Hungarian model, mannequin, public personality

Enikő Sütő (born July 27, 1958) is a Hungarian media personality, and fashion industry figure. She gained prominence in the 1970s and became one of Hungary's most recognized models.

== Early life and career ==
Enikő Sütő was born in Budapest, Hungary. She rose to fame in 1974 when photographer János Fenyő captured her for a Fabulon poster campaign. This advertisement brought her widespread recognition, leading to her being named "Mannequin of the Year" in 1979.

== Modeling Career ==
During the late 1970s and 1980s, Sütő became a leading figure in the Hungarian fashion industry. She worked with numerous brands and appeared in fashion magazines, television programs, and runway shows. Her career flourished despite Hungary's socialist regime, which limited international exposure for local models.
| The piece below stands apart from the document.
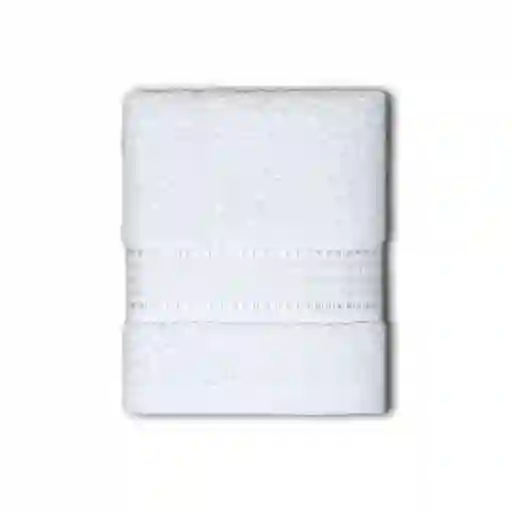 Toalla 40x70 en 420 Gm Wall Blanco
== Later Career and Public Presence ==
Following her peak modeling years, Sütő remained active in the public sphere. She has been involved in discussions on fashion, beauty standards, and aging. She also participated in various media appearances and public engagements, maintaining her influence in the industry.

== Legacy ==
Enikő Sütő is considered one of Hungary’s most iconic models. Her work has left a lasting impact on Hungarian fashion and media, and she continues to be recognized for her contributions to the industry.